Catherine Vidale, neurobiologiste et directrice du Centre de recherche à l’Institut Pasteur va dans le même sens : « C’est l’éducation et non la biologie qui explique les différences. La structure et le fonctionnement du cerveau se modifient en fonction de l’histoire vécue par chacun. On comprend mieux pourquoi nous avons tous des cerveaux différents indépendamment du sexe », explique-t-elle lors d’une conférence sur le thème « Le cerveau a-t-il un sexe ? »
A l’Ecole catholique Saint-Yves, « on casse les codes »
À La Courneuve, en région parisienne, l’école privée catholique Saint-Yves « casse les codes » et construit chaque jour une éthique de l’égalité dans les jeux pour enfant.
« On vit avec notre temps et il faut une ouverture. Ici, quelle que soit la confession des familles, personne n’est choqué par ce que l’on transmet aux enfants », explique Franck Eustache, directeur de l’établissement. Il met d’ailleurs un point d’honneur à afficher, sur le mur à l’entrée de l’école, des dessins qui brisent certains stéréotypes. Là, des images peuvent montrer des filles aventurières et des garçons en cuisine.
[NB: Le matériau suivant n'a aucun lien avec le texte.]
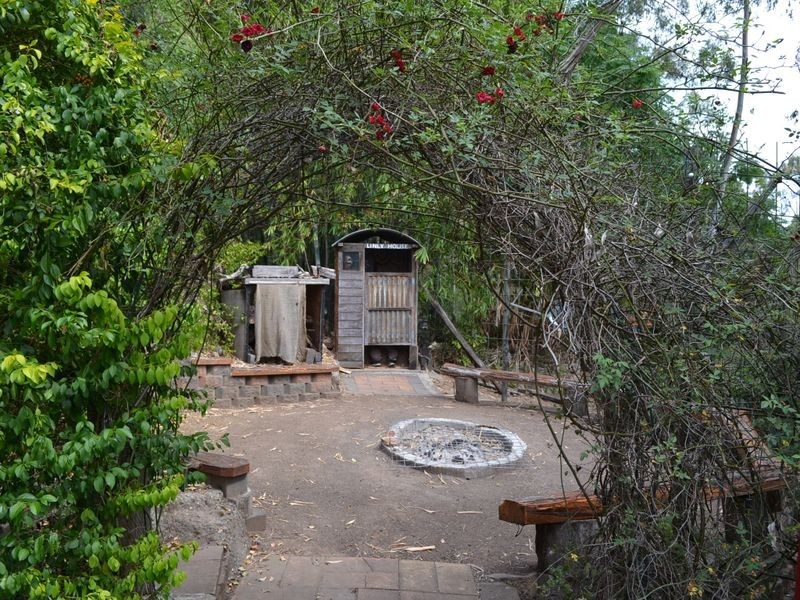 2-4 Old Maryborough Road, Gayndah QLD 4625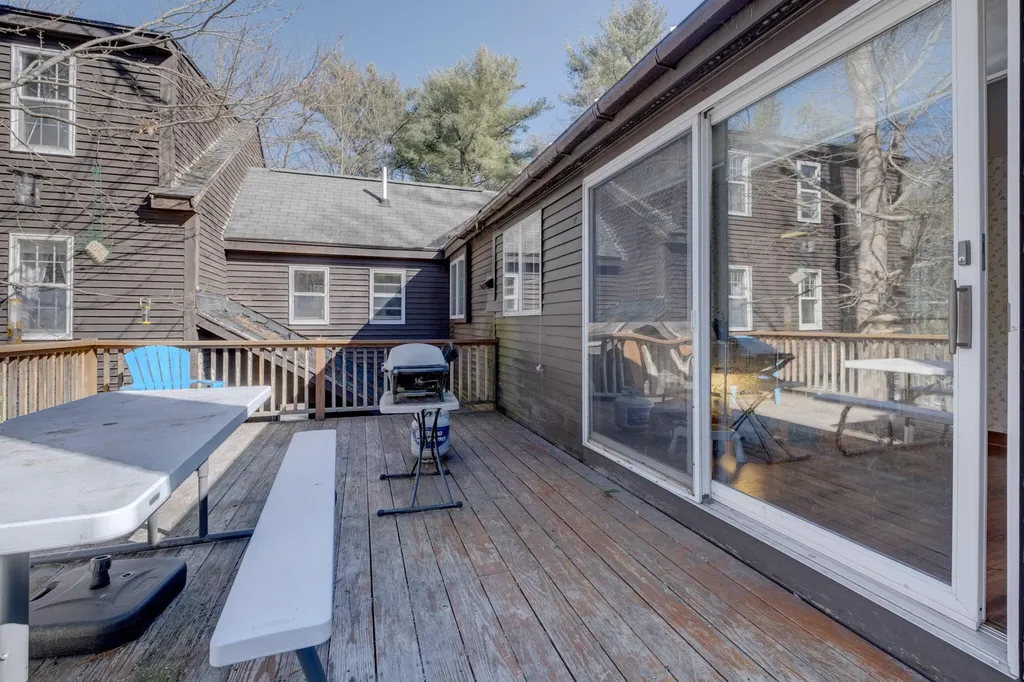 48 Columbia Avenue Brunswick ME 04011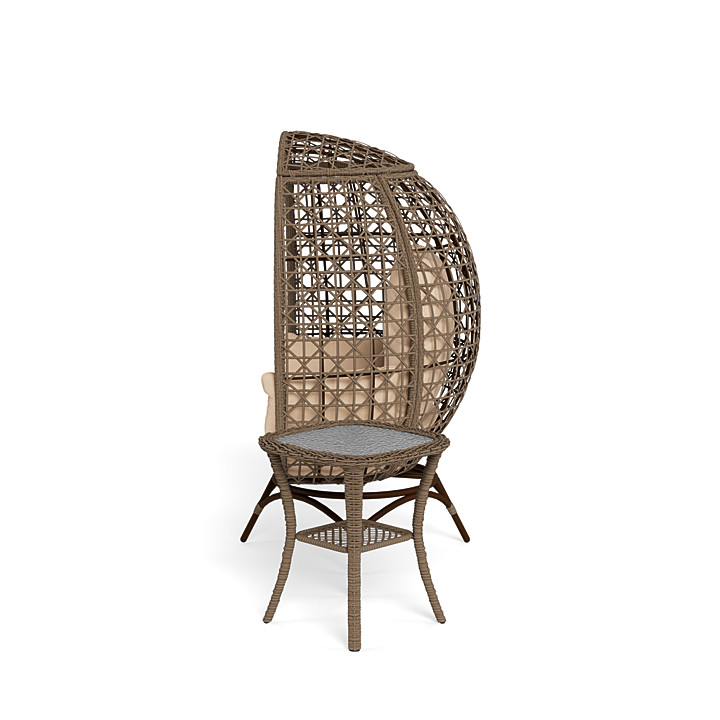 Rio Vista Swivel Wicker Egg Chair With Table Cushion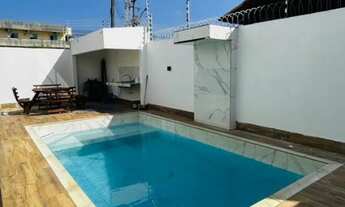 Imagem: Imperdível! Casa Duplex Projetada no Bairro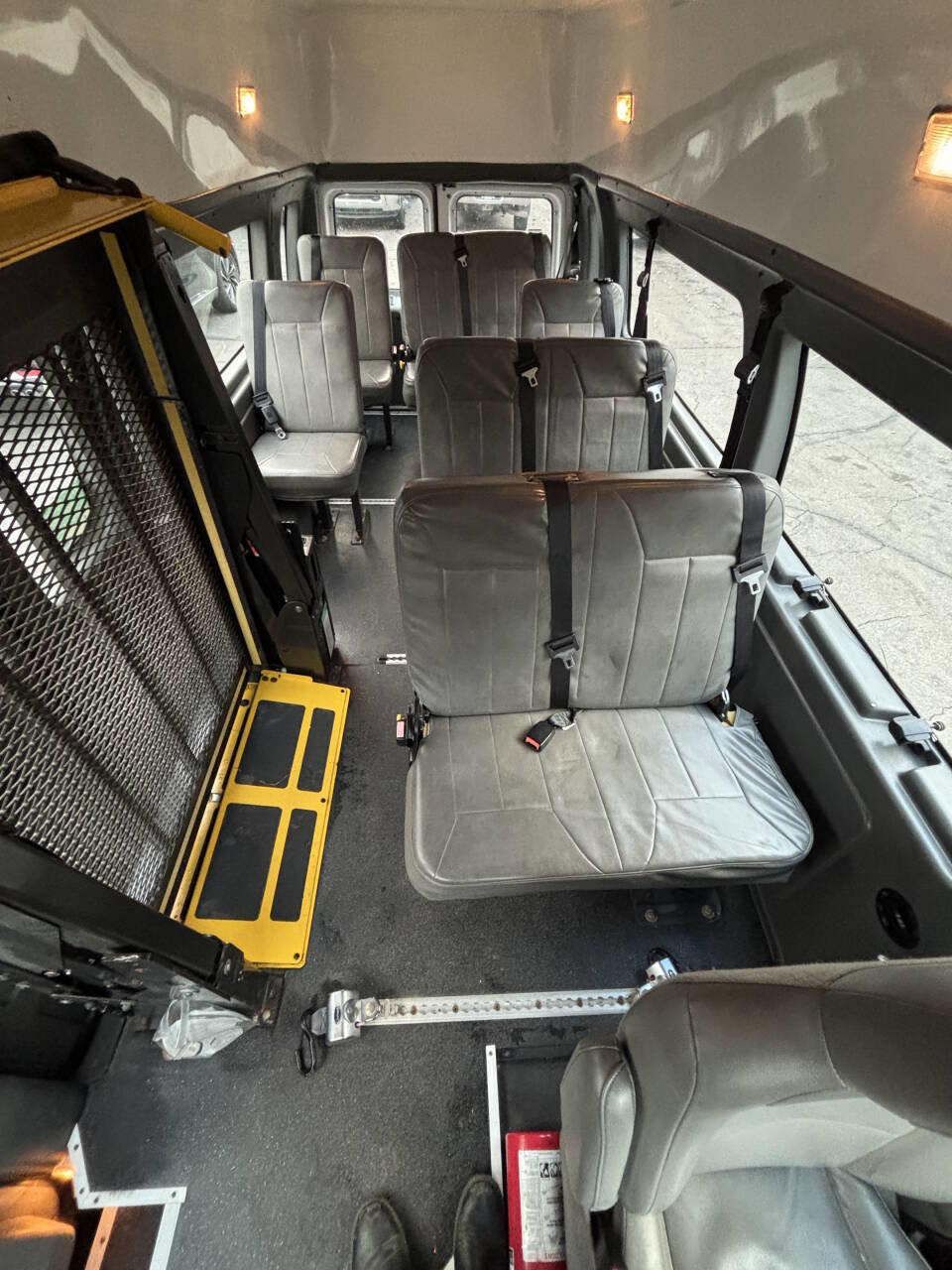 Used 2011 Ford E-250 and Econoline 250 Extended w/ PWR Group image 12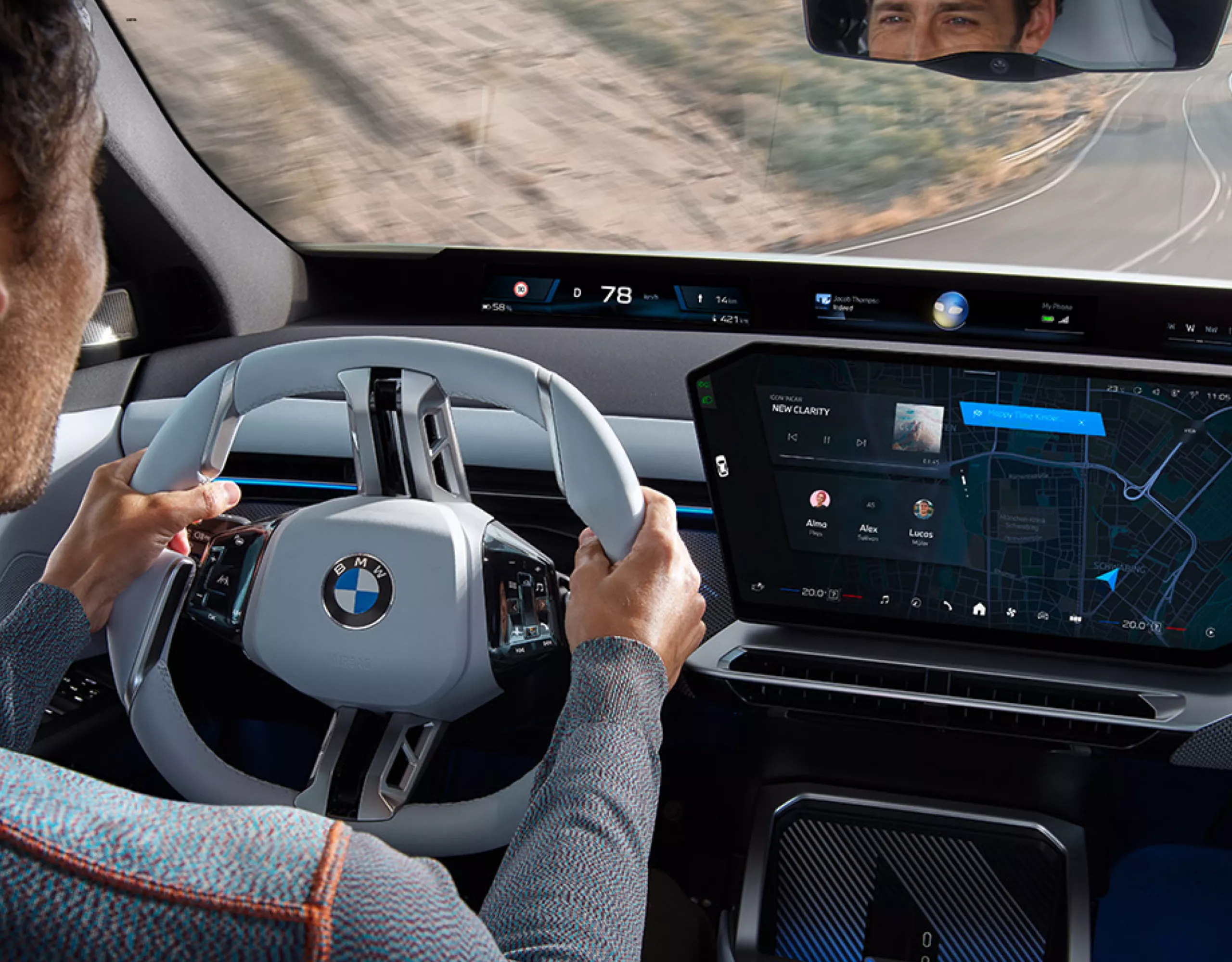 Un conductor en un BMW mira la ruta que aparece en la pantalla central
Dans cet établissement, l’équipe enseignante est attachée à l’égalité et à la mixité. Écolières et écoliers doivent partager le même petit bureau, pareil pour les jeux collectifs. Les parties de foot sont limitées et incluent les filles. Quant aux débats philosophiques, ils abordent des thématiques qui « démontent » les stéréotypes.
Des parents investis ont même créé des dépliants en guise d’imagiers qui montrent des personnalités diverses de femmes policières ou d’hommes en kilt. De plus, tous les vendredis, on y fête le Color Day : une journée où les enfants s’habillent tous de la même couleur.